A new type of traffic signal began appearing in U.S. cities a few years ago. Brighter, longer lasting, and more energy efficient than standard incandescent traffic lights, these new signals relied on light emitting diodes (LEDs), simple devices made of semiconducting materials with the ability to produce light when a current is applied.
This new lighting technology has the potential to replace most types of incandescent and fluorescent lighting, with an energy savings estimated at more than $90 billion annually in the U.S. alone. But before LEDs can replace existing lighting, more breakthroughs are necessary to lower materials cost and raise efficiency.
Group III Nitride Thin Films
At Penn State, materials scientist Joan Redwing is pursuing an understanding of the Group III Nitrides, and gallium nitride thin films in particular, that are used for LEDs and many electronic applications.

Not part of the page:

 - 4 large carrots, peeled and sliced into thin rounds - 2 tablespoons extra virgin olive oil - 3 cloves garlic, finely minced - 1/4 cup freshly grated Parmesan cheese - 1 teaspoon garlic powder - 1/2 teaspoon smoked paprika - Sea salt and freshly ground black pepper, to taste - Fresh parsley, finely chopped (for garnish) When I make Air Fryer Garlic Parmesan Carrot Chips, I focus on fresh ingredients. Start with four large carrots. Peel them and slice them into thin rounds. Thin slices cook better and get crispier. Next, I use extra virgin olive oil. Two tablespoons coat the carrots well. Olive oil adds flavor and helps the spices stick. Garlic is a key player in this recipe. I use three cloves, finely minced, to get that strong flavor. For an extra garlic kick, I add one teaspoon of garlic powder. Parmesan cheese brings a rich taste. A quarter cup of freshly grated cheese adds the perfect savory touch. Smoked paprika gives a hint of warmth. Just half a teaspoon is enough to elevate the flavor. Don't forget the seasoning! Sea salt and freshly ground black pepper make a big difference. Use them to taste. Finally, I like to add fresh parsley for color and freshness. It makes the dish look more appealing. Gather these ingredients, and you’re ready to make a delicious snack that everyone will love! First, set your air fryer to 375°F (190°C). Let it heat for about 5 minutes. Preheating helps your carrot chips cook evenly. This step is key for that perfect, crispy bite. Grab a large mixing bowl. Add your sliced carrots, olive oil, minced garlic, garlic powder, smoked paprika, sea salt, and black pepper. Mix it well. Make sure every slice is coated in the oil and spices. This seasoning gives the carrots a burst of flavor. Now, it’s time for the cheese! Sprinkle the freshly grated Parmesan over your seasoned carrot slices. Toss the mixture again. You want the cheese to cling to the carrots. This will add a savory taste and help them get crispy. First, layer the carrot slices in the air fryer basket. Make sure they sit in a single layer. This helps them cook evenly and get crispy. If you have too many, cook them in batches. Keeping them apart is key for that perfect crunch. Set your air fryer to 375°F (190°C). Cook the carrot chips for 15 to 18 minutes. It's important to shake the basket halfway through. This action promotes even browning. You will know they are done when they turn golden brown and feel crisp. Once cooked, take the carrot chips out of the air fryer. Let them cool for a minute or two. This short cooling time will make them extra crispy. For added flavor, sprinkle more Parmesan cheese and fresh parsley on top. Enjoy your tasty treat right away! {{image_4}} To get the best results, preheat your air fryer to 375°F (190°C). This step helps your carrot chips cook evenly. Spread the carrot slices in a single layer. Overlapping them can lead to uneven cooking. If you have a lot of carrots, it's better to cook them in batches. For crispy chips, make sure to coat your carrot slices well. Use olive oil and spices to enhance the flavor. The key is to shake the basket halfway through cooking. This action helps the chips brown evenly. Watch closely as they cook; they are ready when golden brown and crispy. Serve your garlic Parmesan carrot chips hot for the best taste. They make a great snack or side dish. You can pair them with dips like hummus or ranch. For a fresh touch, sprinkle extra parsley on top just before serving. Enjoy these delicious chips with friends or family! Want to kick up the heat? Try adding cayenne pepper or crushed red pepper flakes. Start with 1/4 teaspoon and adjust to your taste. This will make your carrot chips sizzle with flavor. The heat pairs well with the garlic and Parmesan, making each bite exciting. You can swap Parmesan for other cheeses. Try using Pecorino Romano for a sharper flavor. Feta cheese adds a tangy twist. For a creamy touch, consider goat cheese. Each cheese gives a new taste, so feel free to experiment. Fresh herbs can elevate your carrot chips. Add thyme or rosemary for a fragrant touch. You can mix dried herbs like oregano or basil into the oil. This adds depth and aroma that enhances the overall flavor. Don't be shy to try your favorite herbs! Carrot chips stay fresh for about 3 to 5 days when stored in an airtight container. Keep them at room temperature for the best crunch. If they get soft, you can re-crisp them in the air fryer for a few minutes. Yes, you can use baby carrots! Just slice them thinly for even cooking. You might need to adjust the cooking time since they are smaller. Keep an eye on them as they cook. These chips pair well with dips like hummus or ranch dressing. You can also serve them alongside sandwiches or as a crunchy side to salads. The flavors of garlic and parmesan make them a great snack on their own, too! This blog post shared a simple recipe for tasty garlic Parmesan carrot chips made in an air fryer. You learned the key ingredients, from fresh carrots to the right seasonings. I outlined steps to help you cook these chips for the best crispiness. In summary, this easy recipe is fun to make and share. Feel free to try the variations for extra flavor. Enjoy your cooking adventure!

These materials are important because of their large band gap energy, says Redwing, professor of materials science and engineering. “The band gap sets the wavelength for the light the material emits, so for example, if you make a structure like a light emitting diode and pass a current through it, it gives off light, and the color of the light is roughly equivalent to the band gap energy.”
“The real interest in the nitride materials developed about ten years ago when there was a lot of interest in coming up with red, blue, and green LEDs for full-color displays, like the giant screens in football stadiums,” Redwing says. “The mixing of green, blue, and red light gives you a whole variety of different colors. At that time there was a good red emitting diode, but a less good green, and no blue diode. So there was a flurry to find a good blue emitting material.”
Solid State Lighting
Now interest has shifted to the development of solid state lighting based on light emitting diodes, with the hope that they can become efficient enough in the next few years to replace incandescent and fluorescent lighting. Much of the research on LEDs is being funded through the Department of Energy.
Military Uses For Gallium Nitride Semiconductors
The military also has interest in nitrides, Redwing says. “If you can make the bandgap energy larger and larger, the material can withstand greater voltages. You can operate the devices at higher power without failure occurring compared to silicon, which is the standard semiconductor.” The military has an interest in gallium nitride semiconductors for radar systems and also for any kind of microwave-based communications system.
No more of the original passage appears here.